## SUPPLIED MATERIAL
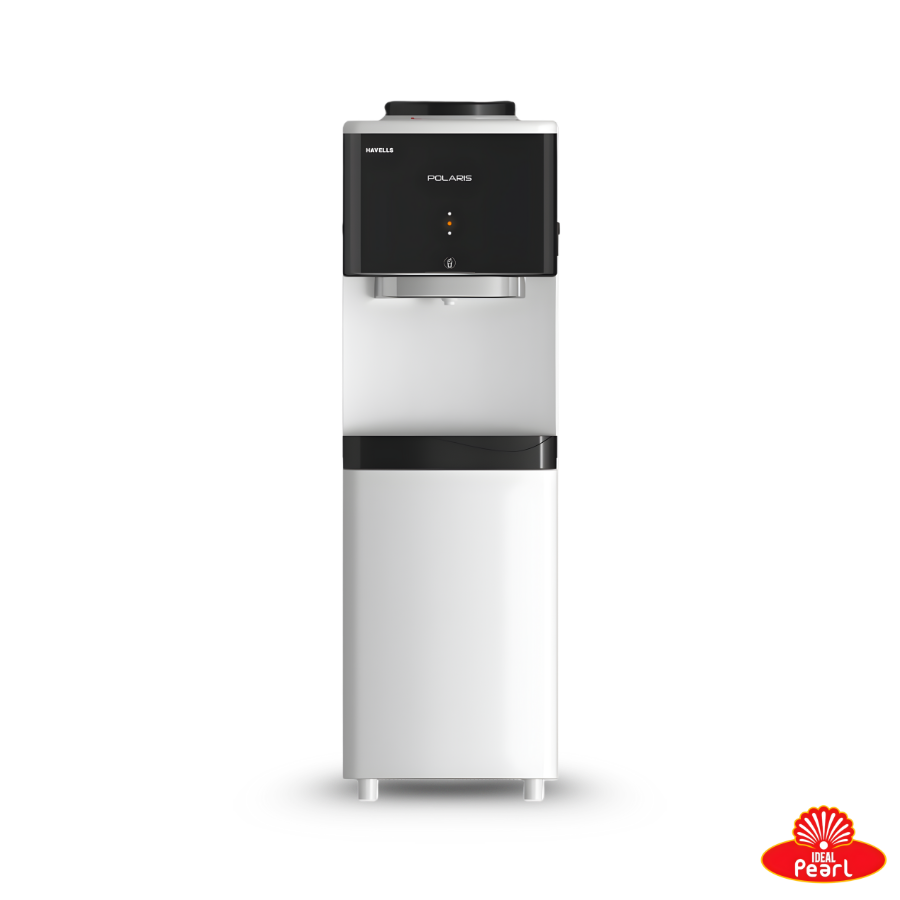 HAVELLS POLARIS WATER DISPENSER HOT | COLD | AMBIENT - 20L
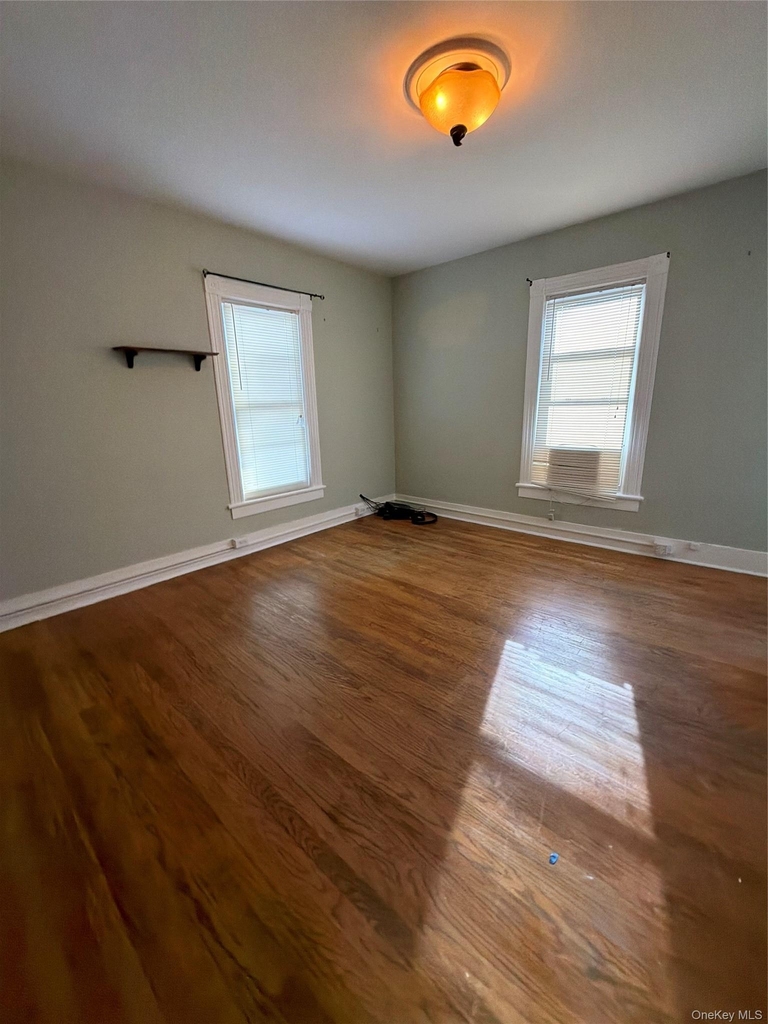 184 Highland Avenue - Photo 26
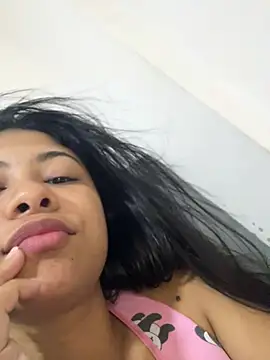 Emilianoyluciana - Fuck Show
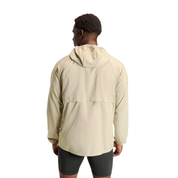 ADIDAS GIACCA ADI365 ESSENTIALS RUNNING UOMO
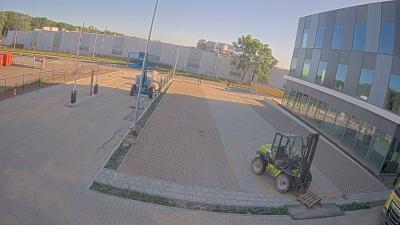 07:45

## DIRECTIONS
All entries must be written out again exactly as given, with no pictures in the copy.

## WORKED SOLUTION
 HAVELLS POLARIS WATER DISPENSER HOT | COLD | AMBIENT - 20L
 184 Highland Avenue - Photo 26
 Emilianoyluciana - Fuck Show
 ADIDAS GIACCA ADI365 ESSENTIALS RUNNING UOMO
 07:45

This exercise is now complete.